BEGIN Source data

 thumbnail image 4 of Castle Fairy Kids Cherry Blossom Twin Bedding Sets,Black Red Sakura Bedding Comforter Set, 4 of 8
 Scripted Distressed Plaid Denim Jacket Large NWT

END Source data
BEGIN Source data

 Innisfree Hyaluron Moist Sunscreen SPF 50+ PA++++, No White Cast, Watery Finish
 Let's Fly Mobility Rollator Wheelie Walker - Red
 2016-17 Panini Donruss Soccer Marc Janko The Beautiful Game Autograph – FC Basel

END Source data
BEGIN Source data

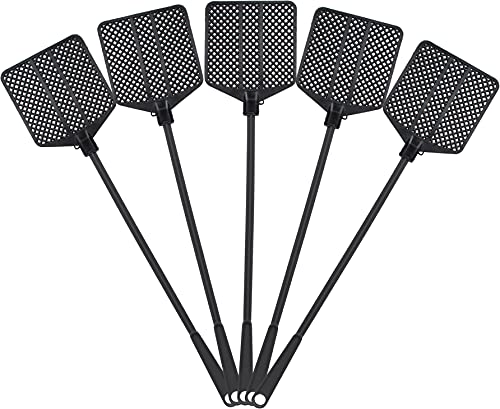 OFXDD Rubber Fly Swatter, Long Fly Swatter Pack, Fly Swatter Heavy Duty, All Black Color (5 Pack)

END Source data

* Task prompt
Both end lines included, restate word for word the lines above from the line with "thumbnail image 4" to the line with "Scripted Distressed Plaid", and nothing else.

* Answer area
 thumbnail image 4 of Castle Fairy Kids Cherry Blossom Twin Bedding Sets,Black Red Sakura Bedding Comforter Set, 4 of 8
 Scripted Distressed Plaid Denim Jacket Large NWT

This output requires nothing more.